■ **ASSIGNMENT**
Line by line, copy out the entries exactly and leave the pictures behind.

══ RECORD EXCERPTS ══

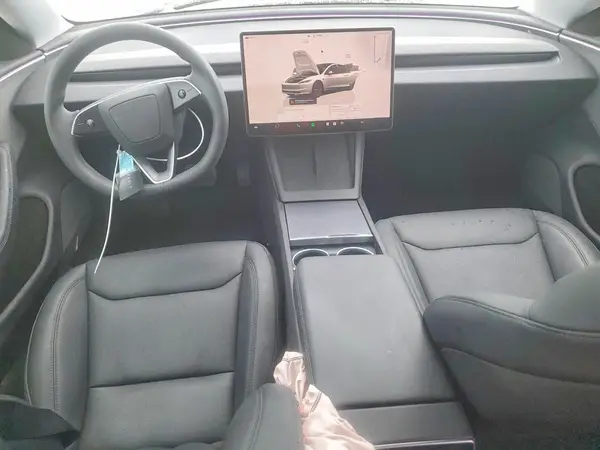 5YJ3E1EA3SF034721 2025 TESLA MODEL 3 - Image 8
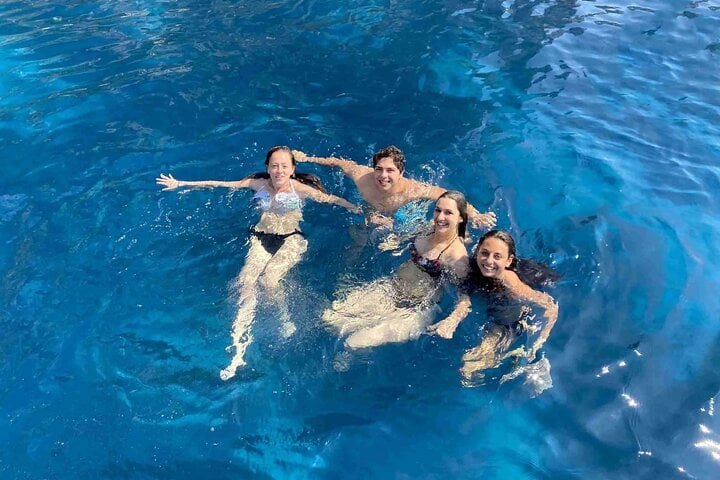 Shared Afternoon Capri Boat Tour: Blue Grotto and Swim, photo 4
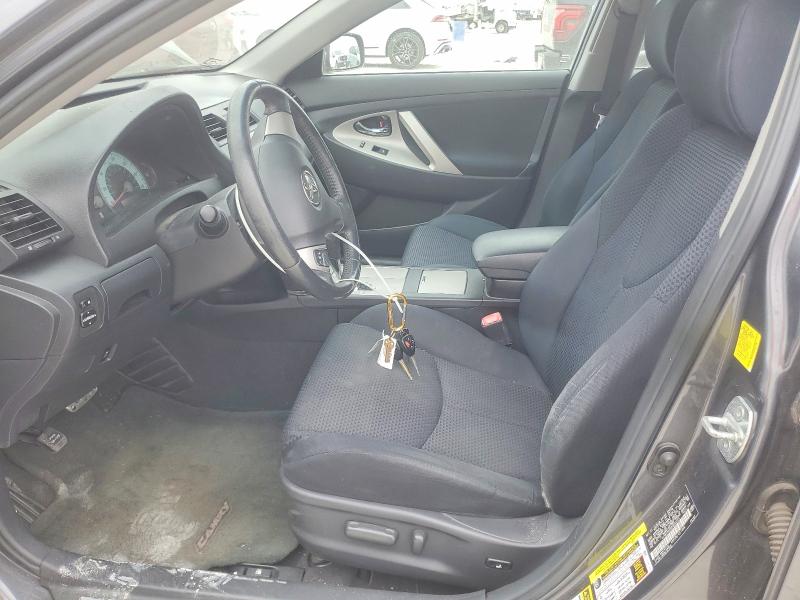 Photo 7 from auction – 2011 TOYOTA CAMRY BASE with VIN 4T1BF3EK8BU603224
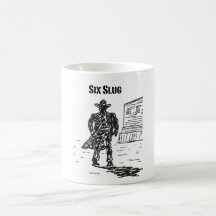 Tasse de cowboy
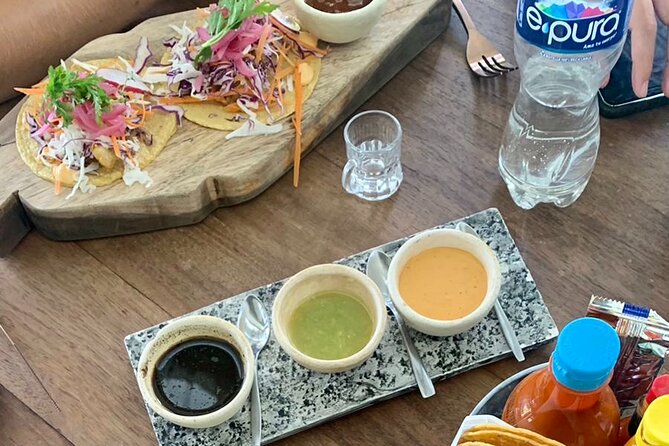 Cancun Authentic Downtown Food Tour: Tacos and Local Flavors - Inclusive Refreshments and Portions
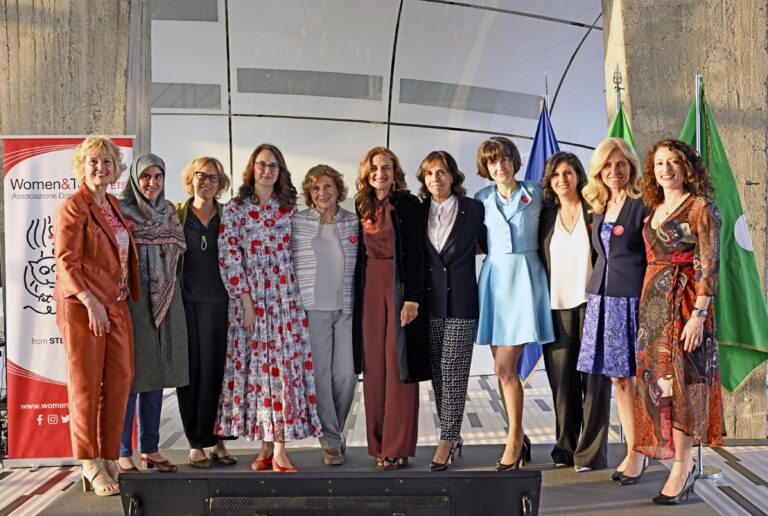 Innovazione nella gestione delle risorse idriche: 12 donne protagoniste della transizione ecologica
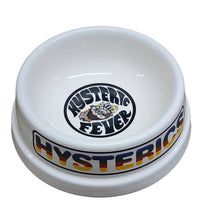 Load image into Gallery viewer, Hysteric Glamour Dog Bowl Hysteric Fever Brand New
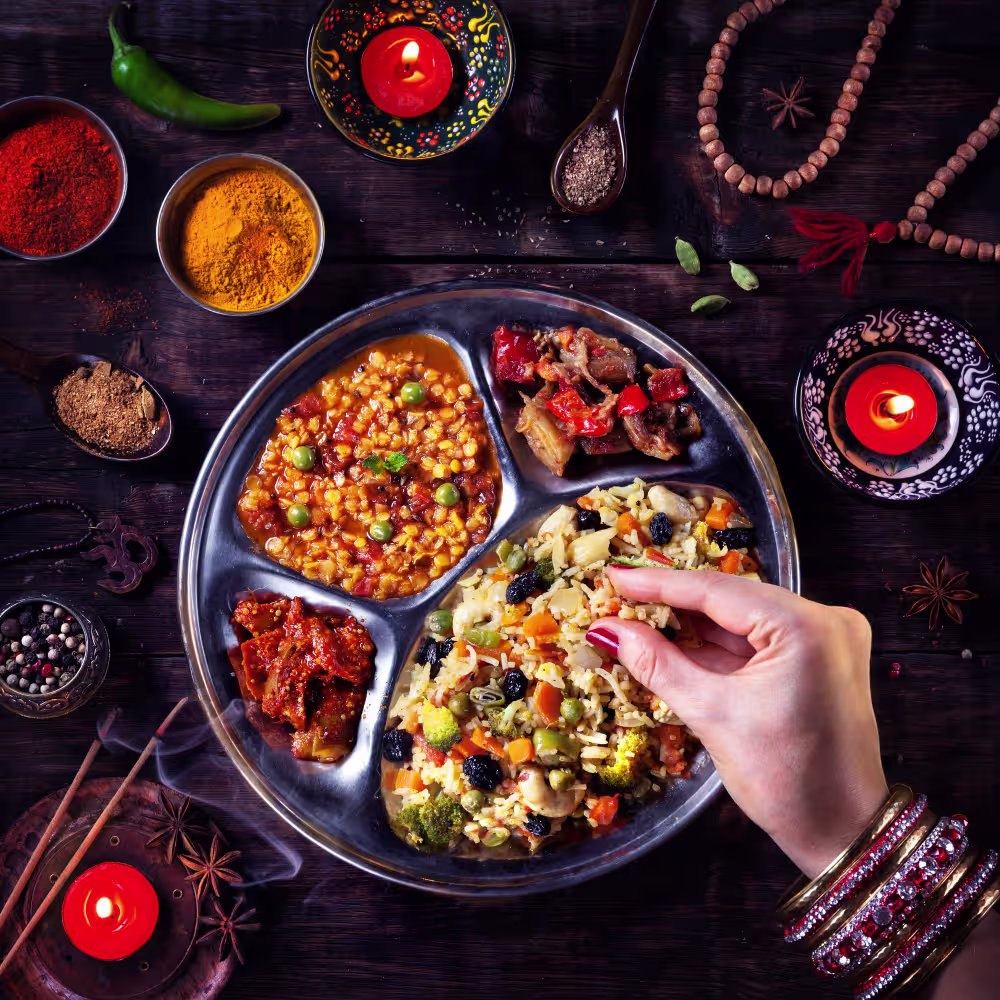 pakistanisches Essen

═══

■ **ANSWER AREA**
 5YJ3E1EA3SF034721 2025 TESLA MODEL 3 - Image 8
 Shared Afternoon Capri Boat Tour: Blue Grotto and Swim, photo 4
 Photo 7 from auction – 2011 TOYOTA CAMRY BASE with VIN 4T1BF3EK8BU603224
 Tasse de cowboy
 Cancun Authentic Downtown Food Tour: Tacos and Local Flavors - Inclusive Refreshments and Portions
 Innovazione nella gestione delle risorse idriche: 12 donne protagoniste della transizione ecologica
 Load image into Gallery viewer, Hysteric Glamour Dog Bowl Hysteric Fever Brand New
 pakistanisches Essen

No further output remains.